Together BR talks about displaced students in St. George
BATON ROUGE - Members of the Better Together campaign gathered at the Greater Sixty-Aid Baptist church detailing their first analysis report on the St. George breakaway could effect the displacement of students throughout Baton Rouge.
Although voters could vote on St. George becoming a city sometime until after the November ballot, many are speaking out sooner than later.
"I'm very pleased with my childrens' school," said LeAnn Davis, who has two children in the East Baton Rouge school system. "I don't think anyone should step in and make decisions for my children. I think we are better together and we need to stay that way."
Together Baton Rouge and other concerned parents gathered to release a new analysis report detailing the effects of the possible "new city."
Under the report, Together Baton Rouge said they believe more than 90 percent of students could be displaced which is reported to be more than 8,000 thousand students, if St. George becomes a city.

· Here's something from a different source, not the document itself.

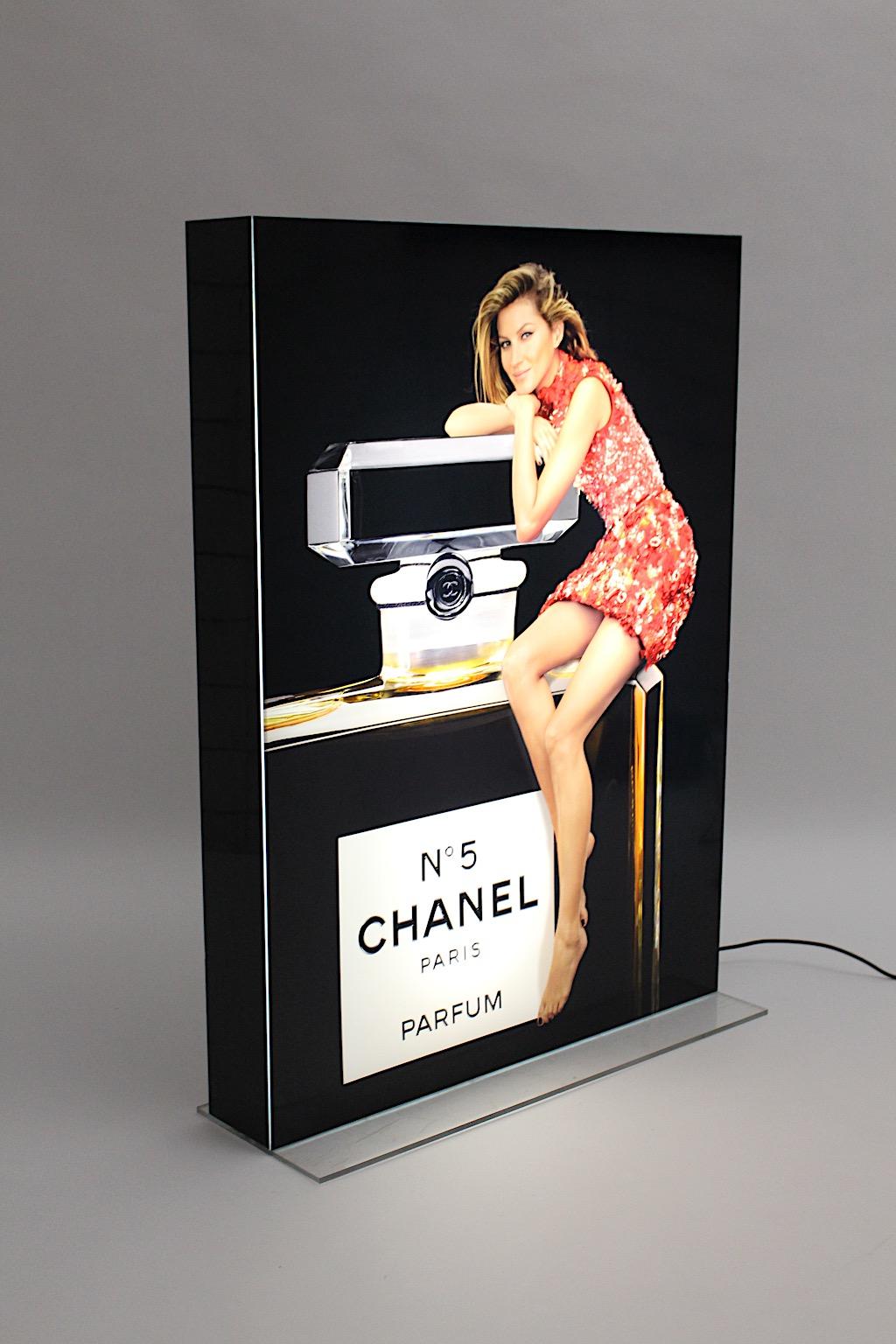 chanel leuchte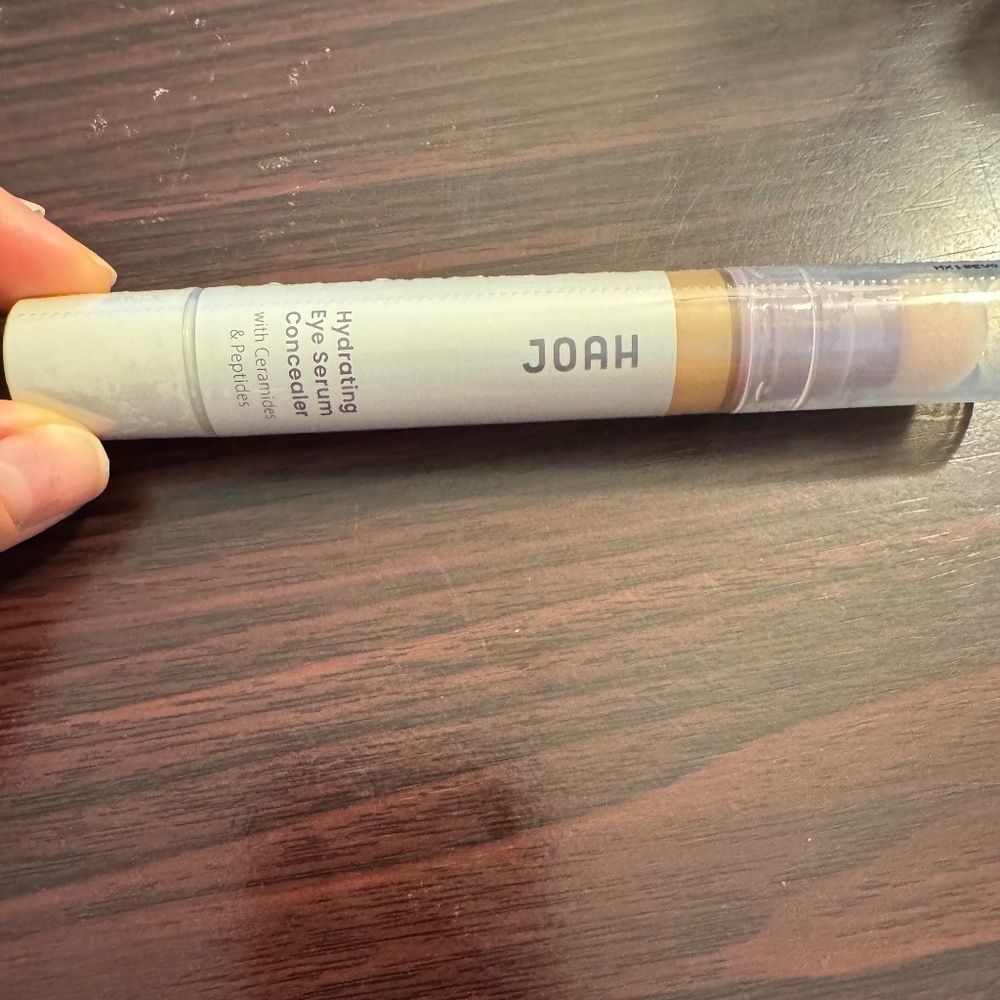 NWT Joah Hydrating Eye Serum Concealer - mn005 Medium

"In the 70810 and the 70820 zip code where the Gardere children live, 2,638 students will lose access to their schools," said Dianne Hanley with Together Baton Rouge. "Kids all across the unincorporated area and even within the city will be cut off from their schools that they currently attend."
However, supporters of the St. George efforts claim that displacing children is nothing new to the city of Baton Rouge.
"It's ironic that they say these children will be displaced, said Lionel Rainey, St. George spokesperson. "They have no problem with children in traditional schools being forced out of that school to this school to articifically raise that school's score. "I mean what you got is the status quo."
Better Toegther said the report was based public records request through the parish school system.